The large ones are Bella Poultry, owned by Herman Lee of Harris,
and Murray's Poultry, owned by Murray Breskey of South Fallsburg.
Lee, 45, started
in 1986 by producing 200 broilers a week. Now he processes about
15,000 chickens a week.
Lee, who employs
10 workers, gets his chickens from farmers in Sullivan County who
contract with him to use his feed and send the chickens back at
maturity. Lee then transports the chickens to his brother's slaughterhouse
in New York City.
Lee says he
doesn't use antibiotics as a general practice unless he has a health
problem among the birds. He also gives the chickens more coop room
to range in, he said.
A much larger
operation is Murray's Chickens in South Fallsburg. Murray's trucks
mature chickens from farms in Pennsylvania to South Fallsburg .
It slaughters and processes 150,000 chickens a week and employs
160 workers.
Murray's chickens
are sold at Peck's Market in Callicoon and are labeled "free range"
chickens.
"The so-called
free-range chicken is impossible to raise in the Northeast where
the weather is severe in the winter and too hot in the summer,"
Lee said.
"It's a marketing
gimmick by the USDA (United States Department of Agriculture),"

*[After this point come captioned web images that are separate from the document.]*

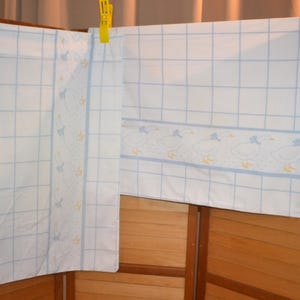 May include: White fabric with a blue grid pattern and a decorative border featuring duck illustrations. The fabric is hanging from a clothesline with blue and yellow clothespins. The fabric appears to be a curtain or a similar home textile.
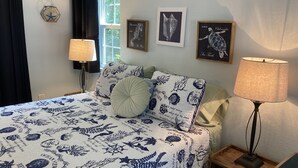 Une chambre à coucher avec un lit agrémenté de linge de lit sur le thème de l’océan, une table de chevet avec une lampe et, au mur, des œuvres d’art encadrées représentant des hippocampes.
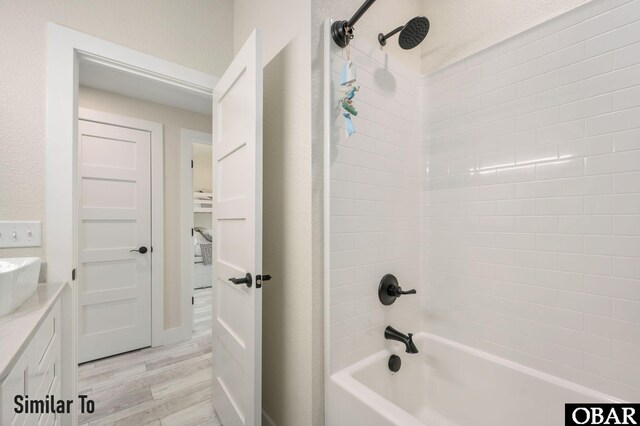 bathroom with shower / washtub combination, wood finished floors, and vanity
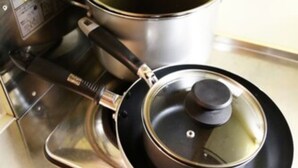 A stainless steel stove with a pot and lid on it. - Lions Mansion Dogenzaka 207 (Tokyo)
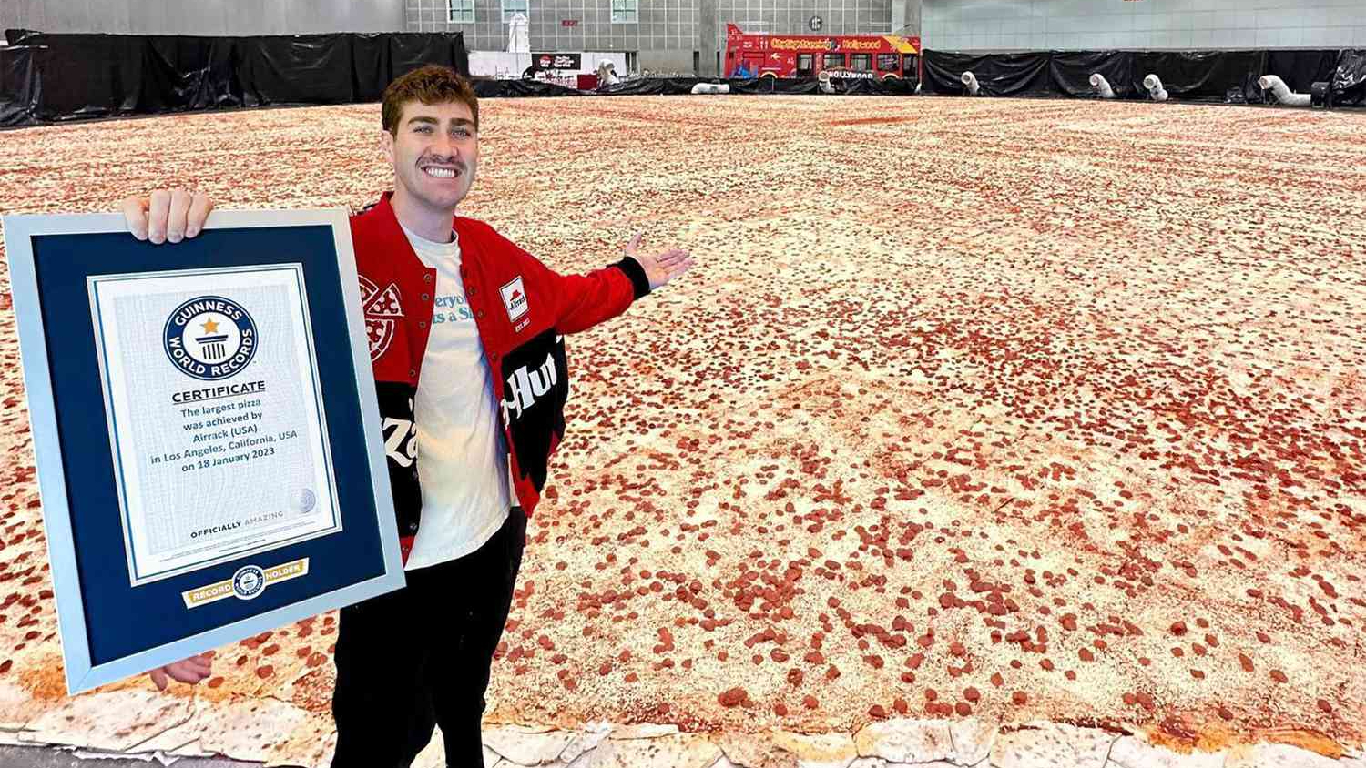 Pizza hut sets guinness world record with insane 68 000 slice pepperoni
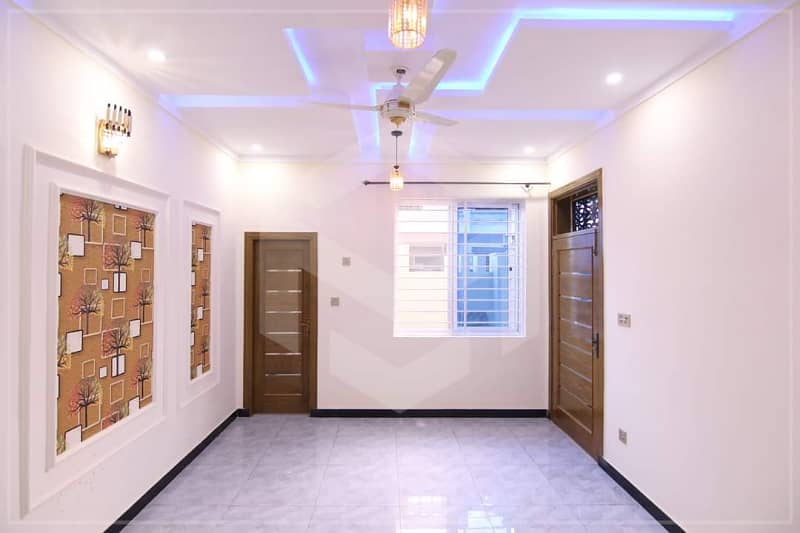 Prime Location Beautiful 6 Marla One and Half Story House for Sale in AECHS Airport Housing Society Near Gulzare Quid and Express Highway 4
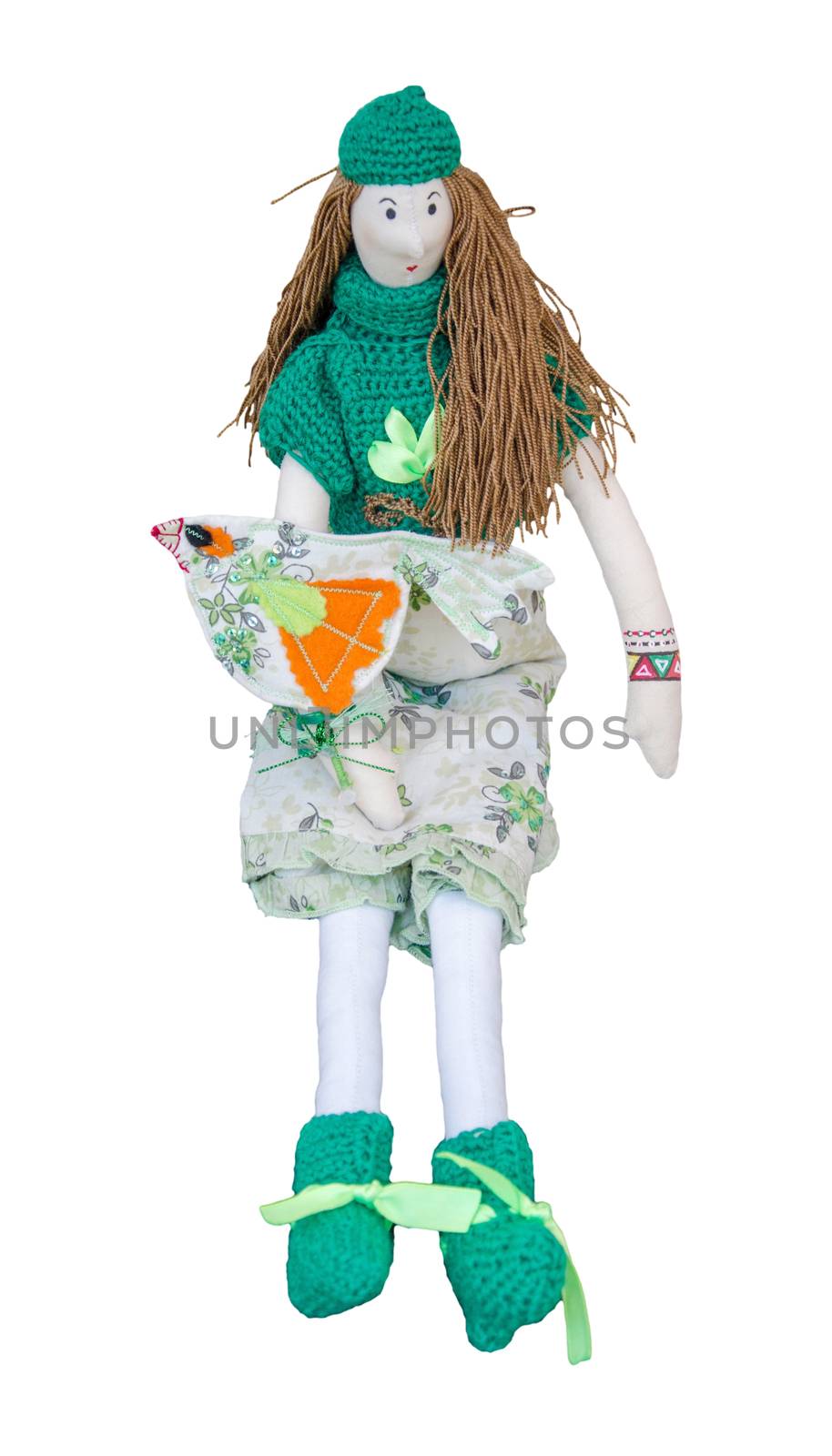 The Handmade doll with a bird on the hand in a dress and sweatersitting isolated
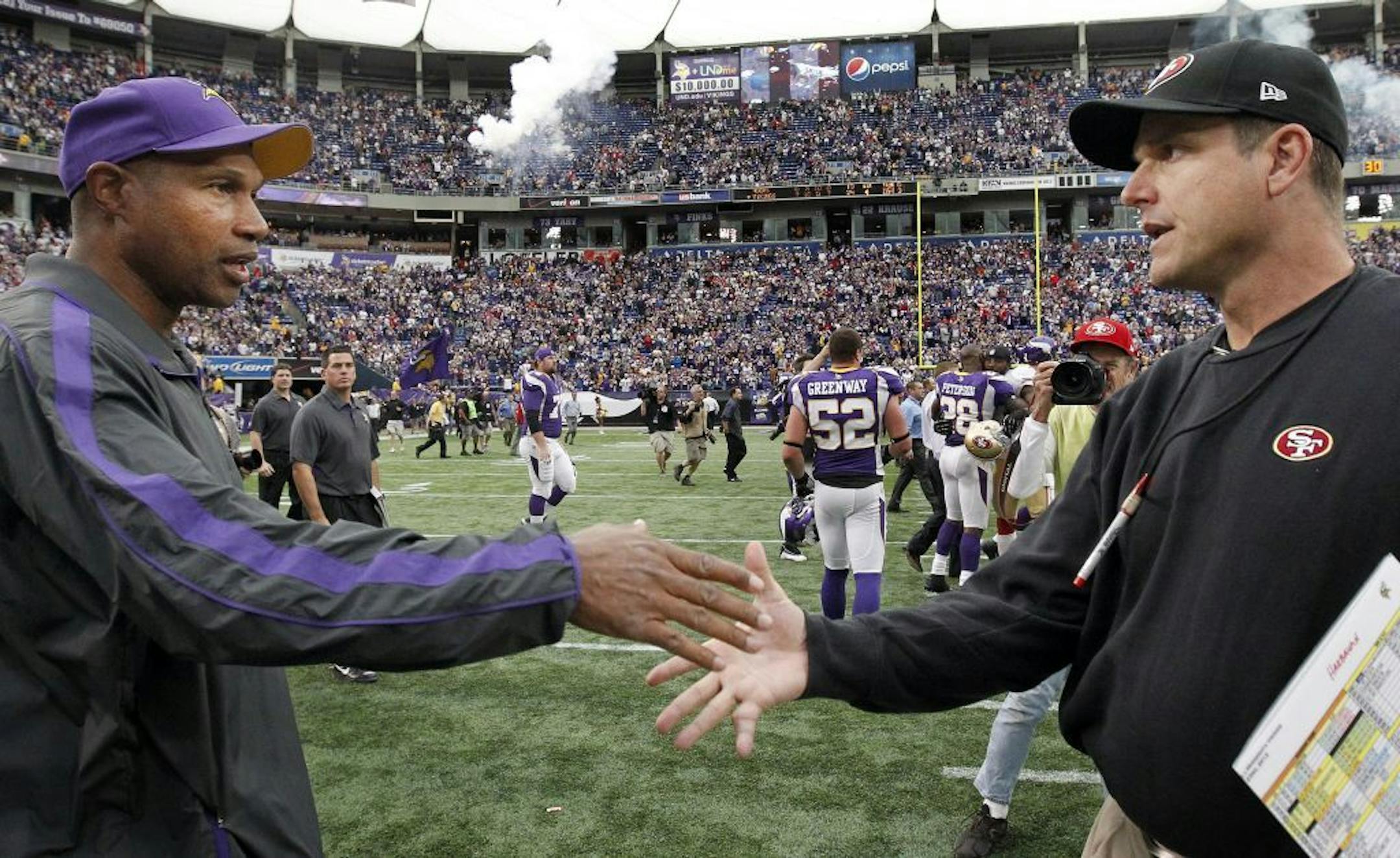 Leslie Frazier shook hand with Jim Harbaugh at the end of the game after Minnesota beat San Francisco 24-13.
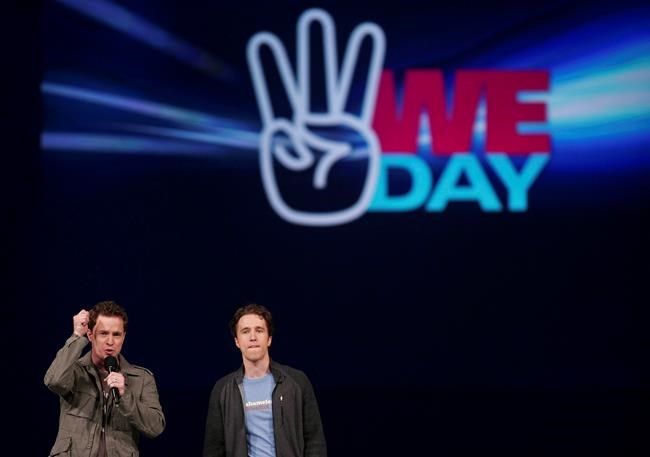Virgin Atlantic Airways says it is suspending its sponsorship of WE Charity amid an ongoing controversy over a deal to run a student-volunteer program. Marc, left, and Craig Kielburger, co-founders of the charity Free the Children, speak at the charity's We Day celebrations in Kitchener, Ont., Thursday, Feb. 17, 2011. THE CANADIAN PRESS/Geoff Robins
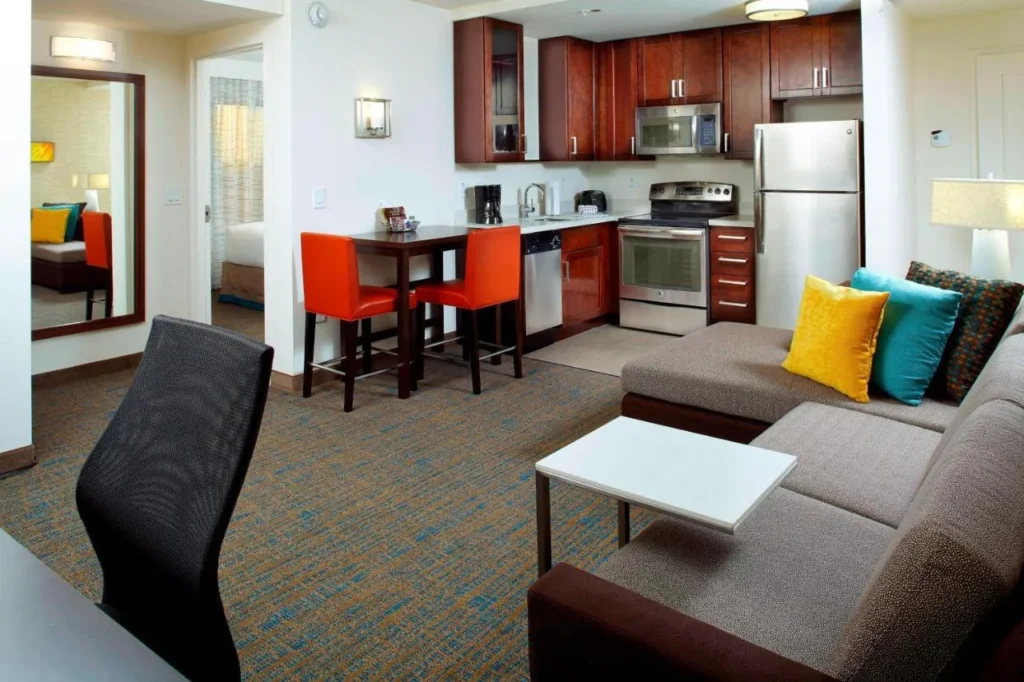 Suite with full kitchen, breakfast bar and sofa at Residence Inn Orlando Lake Nona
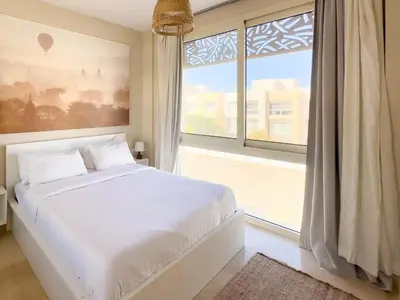 a bedroom with a white bed and a large window at El Gouna at Birdnest in Hurghada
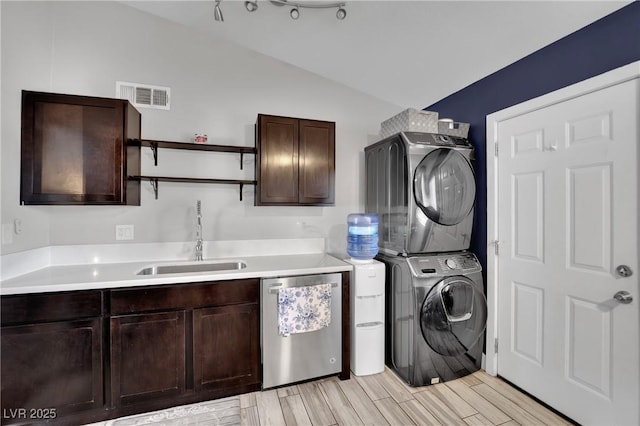 laundry room with laundry area, visible vents, stacked washer / dryer, wood tiled floor, and a sink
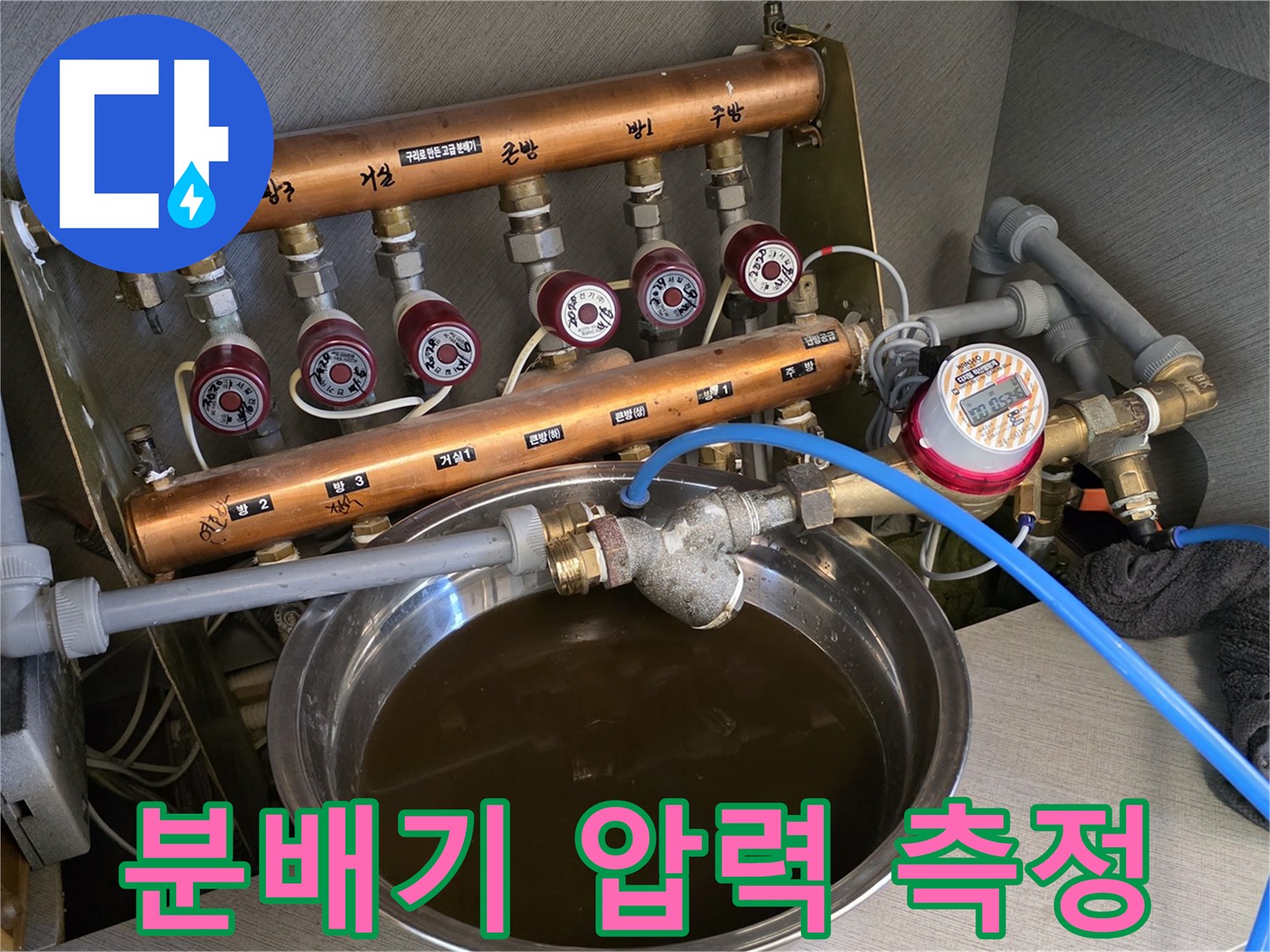 난방-분배기에-연결된-파란색-호스와-압력계-장치
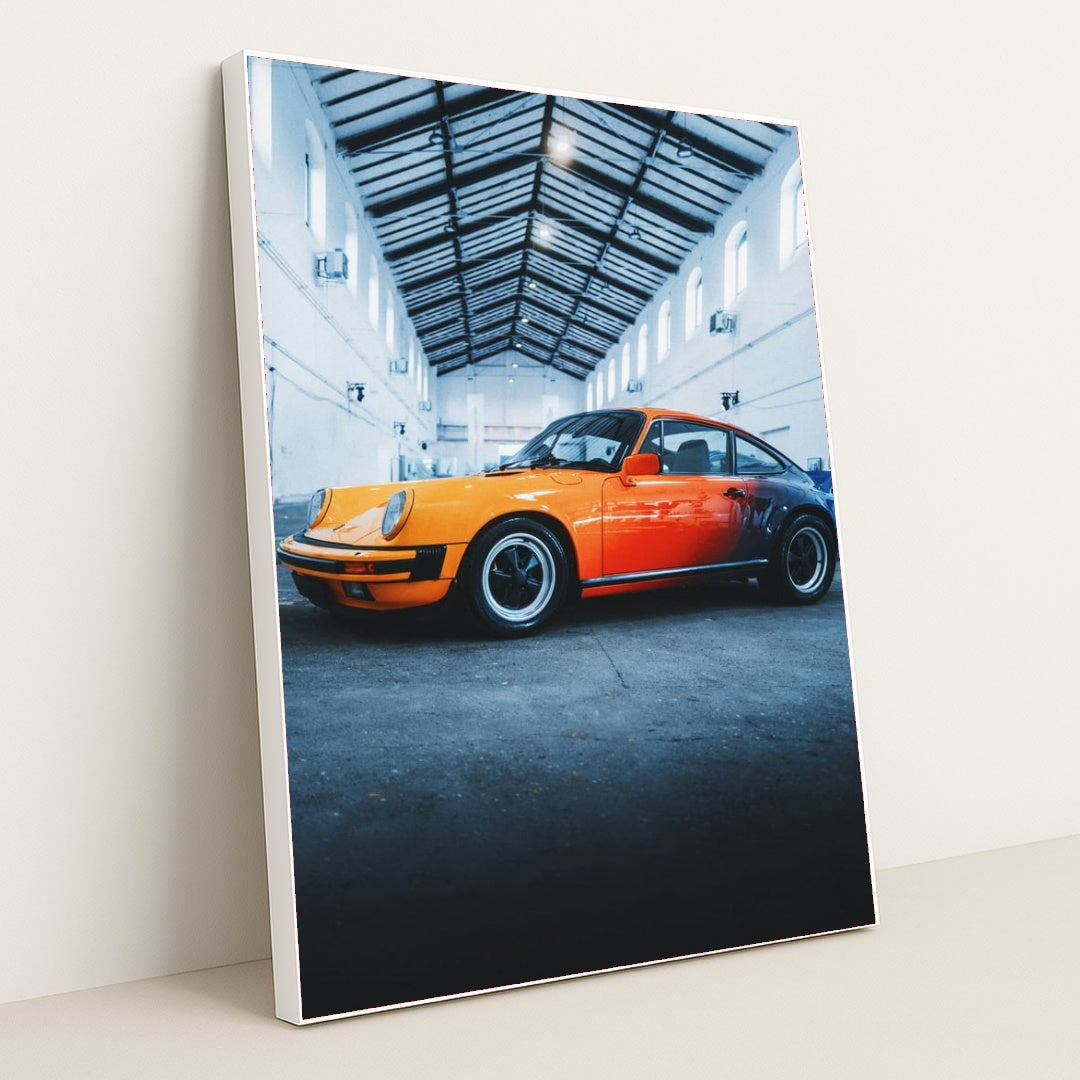 This photo features an orange and red classic Porsche sports car parked inside a tall industrial warehouse, in a white frame.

said Murray's vice president Dean Koplik. "The regs say that if
you have a door open in the coop you can call your chickens free-range,"
he said.
"It's much
more important to us that the chickens eat vegetarian feed and are
not injected with antibiotics," Koplik said. "That's far more important
than free ranging."
"It's really
ludicrous of USDA to have such a regulation," said James McLaughlin,
farm management technician with Resource Conservation and Development
of Norwich, NY, a group that supports small farmers in 12 New York
counties including Sullivan by assisting them with production and
marketing methods."
Strictly confining
chickens in large coops isn't healthy for the chickens and isn't
healthy for the environment, McLaughlin said.
His group works
to encourage a method of raising chickens that is called "pastured
poultry." Using this method, coops with four wire mesh sides and
a roof are moved to different positions everyday so the chickens
can eat grass and bugs," he said. "Also the manure gets spread gradually
and isn't so injurious to the environment."
"I'm not familiar
with this method but I don't see how any sizeable chicken farm will
be able to survive and compete if they use it," Koplik said.
"Admittedly,
this is not going to fly with the mega farms like Purdue that handle
millions of chickens a day," he said. "The confinement of large
numbers of birds in a small location can have a devastating effect
on the groundwater when the farmer spreads the manure. This problem
is growing into a serious one that must be faced," McLaughlin said.
In the future,
the industry is either going to be regulated or will regulate itself
in controlling the environmentally harmful practice of large, confining
coops with large quantities of manure, he said.